Recently, Pngme - as an open API solutions provider - committed to the non-profit Open Banking Nigeria initiative to develop a set of open API standards for the Nigerian financial services industry.

Nigeria's central bank recently announced a goal of achieving financial inclusion for 95% of the population by 2024. Open Banking Nigeria is committed to working with technology providers such as Pngme to achieve this goal by establishing and maintaining API standards to ensure that banks and consumers receive the products and services they need.

Pngme's API and toolkit will assist in establishing test environments that will set implementation standards for Nigeria's expanding financial ecosystem. As a member of Open Banking Nigeria, Pngme will play an integral role in designing sandbox environments, data types, authentication, extension types, and other testing tools. Establishing certifications for API testing will be critical to spurring innovation that drives financial inclusion.

Collateral-free microloans

The lack of access to capital - especially in developing countries - means that there is insufficient financial scope to meet fundamental needs or improve the economic situation. And even when access to credit is possible, it often comes with onerous terms and usurious interest rates.

Egoras is dedicated to providing a crypto-based platform for microloans to tackle global economic inequality. Its system uses a unique combination of two crypto tokens that control lending and management, respectively. The EGS token is a value-stabilized cryptocurrency that holds parity with the USD. As for the second, the EGR token, is the governance and staking token of its platform. As such, it allows holders to play a role in the loan approval process in exchange for a generous 12% APY return on their investment.

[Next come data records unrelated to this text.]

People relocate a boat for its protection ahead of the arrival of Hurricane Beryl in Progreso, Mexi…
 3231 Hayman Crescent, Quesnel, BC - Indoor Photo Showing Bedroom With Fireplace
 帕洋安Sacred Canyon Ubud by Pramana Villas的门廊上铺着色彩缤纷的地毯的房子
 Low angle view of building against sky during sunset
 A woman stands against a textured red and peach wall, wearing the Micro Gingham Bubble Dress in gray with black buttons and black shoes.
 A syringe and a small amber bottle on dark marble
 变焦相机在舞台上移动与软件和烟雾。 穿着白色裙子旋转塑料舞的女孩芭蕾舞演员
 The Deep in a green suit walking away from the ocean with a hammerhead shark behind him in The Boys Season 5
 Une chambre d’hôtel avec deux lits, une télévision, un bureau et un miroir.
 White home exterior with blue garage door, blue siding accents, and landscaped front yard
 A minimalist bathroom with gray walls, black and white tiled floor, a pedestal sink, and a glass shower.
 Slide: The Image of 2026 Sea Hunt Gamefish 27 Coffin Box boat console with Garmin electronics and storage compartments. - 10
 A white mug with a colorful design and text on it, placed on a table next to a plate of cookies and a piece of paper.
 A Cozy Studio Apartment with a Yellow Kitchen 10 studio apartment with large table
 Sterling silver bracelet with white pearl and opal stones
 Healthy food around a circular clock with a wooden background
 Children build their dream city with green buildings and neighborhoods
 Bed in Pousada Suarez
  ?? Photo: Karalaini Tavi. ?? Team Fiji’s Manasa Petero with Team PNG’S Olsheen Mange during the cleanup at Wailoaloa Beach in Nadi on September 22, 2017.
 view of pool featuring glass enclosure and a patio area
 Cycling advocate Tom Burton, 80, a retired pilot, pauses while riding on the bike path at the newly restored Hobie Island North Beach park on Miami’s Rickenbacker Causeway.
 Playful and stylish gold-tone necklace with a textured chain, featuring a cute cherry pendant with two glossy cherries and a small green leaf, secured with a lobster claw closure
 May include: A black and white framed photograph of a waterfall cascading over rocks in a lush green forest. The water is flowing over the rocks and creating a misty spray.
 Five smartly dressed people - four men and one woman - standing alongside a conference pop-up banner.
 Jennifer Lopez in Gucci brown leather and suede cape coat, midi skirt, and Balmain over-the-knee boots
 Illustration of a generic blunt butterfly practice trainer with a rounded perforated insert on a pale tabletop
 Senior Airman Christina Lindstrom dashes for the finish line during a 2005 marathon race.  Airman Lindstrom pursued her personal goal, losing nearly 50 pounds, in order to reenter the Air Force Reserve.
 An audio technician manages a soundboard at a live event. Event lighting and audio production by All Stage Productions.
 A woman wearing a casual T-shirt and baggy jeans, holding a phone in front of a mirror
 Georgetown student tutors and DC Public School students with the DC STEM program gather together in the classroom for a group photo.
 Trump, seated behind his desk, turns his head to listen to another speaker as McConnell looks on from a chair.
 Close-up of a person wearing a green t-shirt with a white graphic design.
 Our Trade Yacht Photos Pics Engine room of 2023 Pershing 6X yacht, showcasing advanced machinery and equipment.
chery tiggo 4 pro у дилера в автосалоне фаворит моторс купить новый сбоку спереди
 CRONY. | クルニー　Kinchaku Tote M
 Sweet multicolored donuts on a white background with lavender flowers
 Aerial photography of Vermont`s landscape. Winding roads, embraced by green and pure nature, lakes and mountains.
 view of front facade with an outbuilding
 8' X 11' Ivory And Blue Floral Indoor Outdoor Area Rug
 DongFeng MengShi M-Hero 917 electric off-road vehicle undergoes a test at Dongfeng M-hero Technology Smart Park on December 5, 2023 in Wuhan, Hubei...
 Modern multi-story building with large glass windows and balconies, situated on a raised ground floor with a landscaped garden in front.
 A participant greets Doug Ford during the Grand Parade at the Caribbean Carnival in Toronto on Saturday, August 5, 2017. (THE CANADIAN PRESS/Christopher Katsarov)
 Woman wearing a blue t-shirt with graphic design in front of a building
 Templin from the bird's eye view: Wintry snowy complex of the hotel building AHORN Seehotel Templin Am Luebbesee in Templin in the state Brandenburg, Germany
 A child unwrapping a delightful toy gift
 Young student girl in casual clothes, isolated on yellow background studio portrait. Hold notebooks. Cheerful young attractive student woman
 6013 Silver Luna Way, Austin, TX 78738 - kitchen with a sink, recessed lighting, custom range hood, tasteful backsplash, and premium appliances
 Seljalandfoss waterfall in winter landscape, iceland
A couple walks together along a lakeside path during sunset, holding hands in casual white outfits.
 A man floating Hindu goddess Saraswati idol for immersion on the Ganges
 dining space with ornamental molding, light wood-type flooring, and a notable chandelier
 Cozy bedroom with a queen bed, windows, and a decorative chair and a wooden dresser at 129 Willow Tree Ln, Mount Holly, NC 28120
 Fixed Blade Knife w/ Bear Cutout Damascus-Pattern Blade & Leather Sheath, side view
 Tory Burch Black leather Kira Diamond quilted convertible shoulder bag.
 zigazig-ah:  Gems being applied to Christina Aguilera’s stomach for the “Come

The truly unique thing about Egoras, however, is the fact that it offers its microloans without requiring collateral from its borrowers. In other words, the funds are available to the widest possible group of borrowers, removing one of the most significant barriers to accessing credit in the developing world.

Final Thoughts

For unbanked individuals, DeFi solutions allow bypassing the barriers imposed by traditional financial service providers and interact with finance on a global scale. DeFi is breaking the existing framework and instead leveraging decentralized technology and governance to offer peer-to-peer (P2P) financial services that not only improve upon current standards, but also create entirely new financial instruments. The resulting platforms without intermediaries offer more autonomy and greater transparency, they are nascent but can already rival established FinTech or traditional financial service products.